» Data below:
════════════════

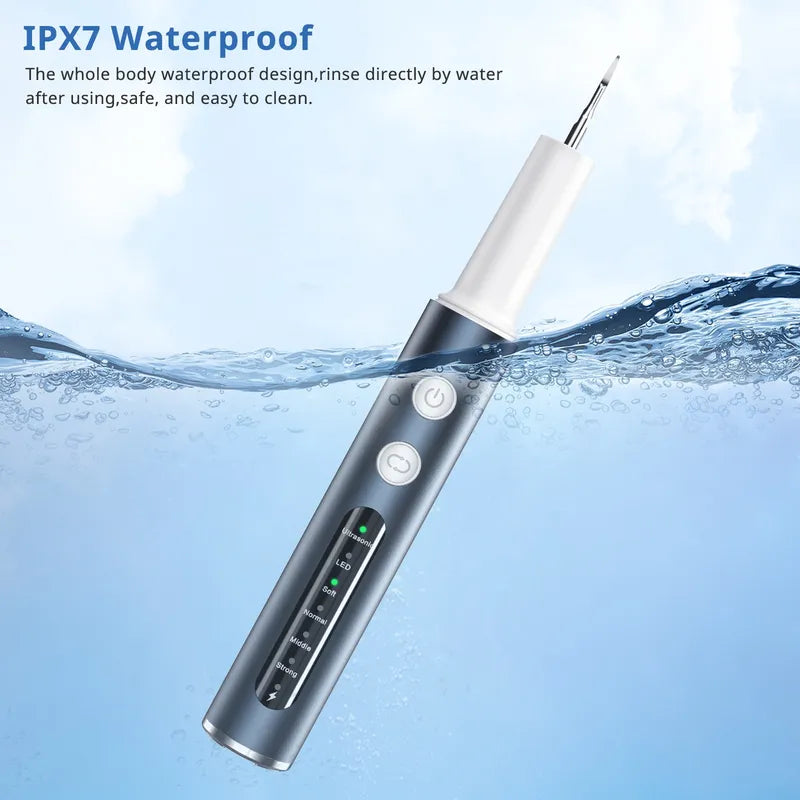 Dental calculus cleaning tool with IPX7 waterproof feature submerged in water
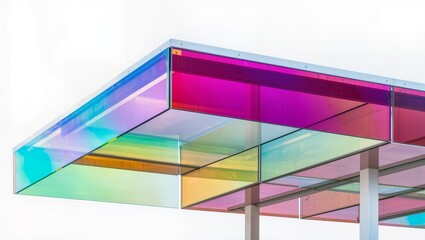 Fototapeta premium Modern Geometric Architecture Made of Multi Colored Semitransparent Glass Panels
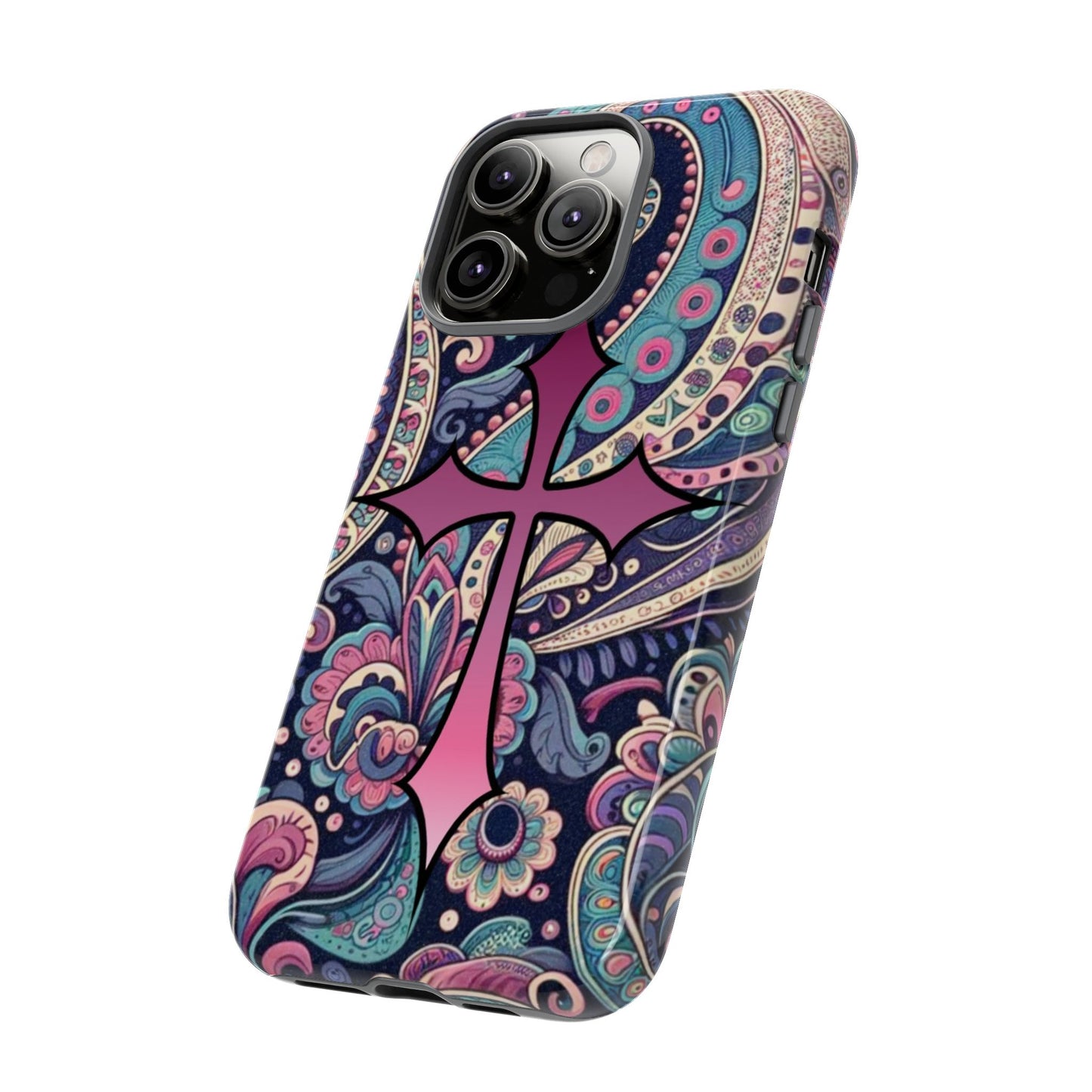 Colorful Cross Phone Case, Tough Phone Cover, Bohemian Style, Unique Gift for Her, Spiritual Design, Easter Accessories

════════════════

» Problem statement:
Reproduce the data verbatim. Do not carry any picture into the copy.

» Result of the task:
 Dental calculus cleaning tool with IPX7 waterproof feature submerged in water
 Fototapeta premium Modern Geometric Architecture Made of Multi Colored Semitransparent Glass Panels
 Colorful Cross Phone Case, Tough Phone Cover, Bohemian Style, Unique Gift for Her, Spiritual Design, Easter Accessories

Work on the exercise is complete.